Hallenstein shares hit by downgrade

Hallenstein Glasson shares were hit hard yesterday after the company announced a profit downgrade.

Shortly after the market opened, Hallenstein Glasson shares were down 21c, or 5.1%, to $3.89, the lowest level in more than four months.

Shares in Restaurant Brands dropped to $2.40 early, their lowest level in about six months, before making up some lost ground to be down 2c to $2.42, having also fallen 7c on Tuesday.

Hallenstein Glasson chief executive Stephen Timms said the unaudited net profit after tax for the six months ended February 1 was projected to be in the range of $7 million to $7.4 million, down 13% on the previous corresponding period.
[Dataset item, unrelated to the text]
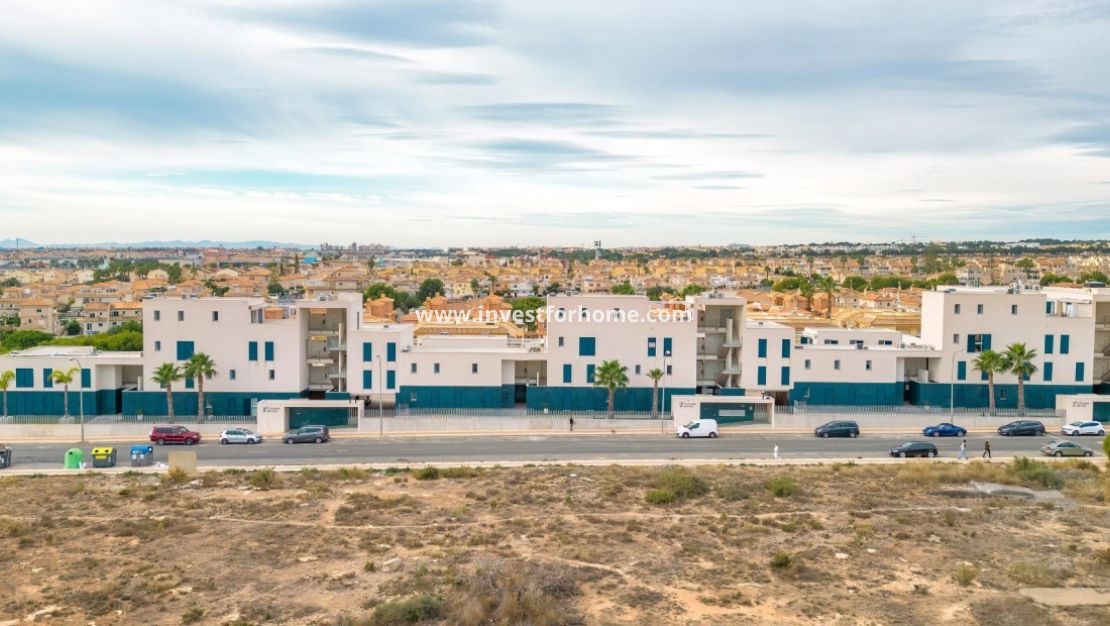 Reventa - Apartamento - Orihuela Costa - Costa Blanca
Group sales for the period were forecast at $100.6 million, down 1.6%.

"While Hallensteins and Storm had performed above the prior year during the key trading months of December and January to date, Glassons had experienced difficult trading in both New Zealand and Australia.

"Intense competition for market share had been a feature of the women's fashion market on both sides of the Tasman."

Hallensteins sales were up 3.5% in the six months (same stores up 5%).

Glassons NZ sales were down 5.4% (same stores down 7.1%).

Glassons Australia sales were down 9% (same stores down 9%).

Storm sales were up 28.5% (same stores up 5.2%).

Mr Timms said despite a reduced earnings figure, the company anticipated that the strong balance sheet and liquidity position would enable it to maintain the dividend at a rate similar to last year.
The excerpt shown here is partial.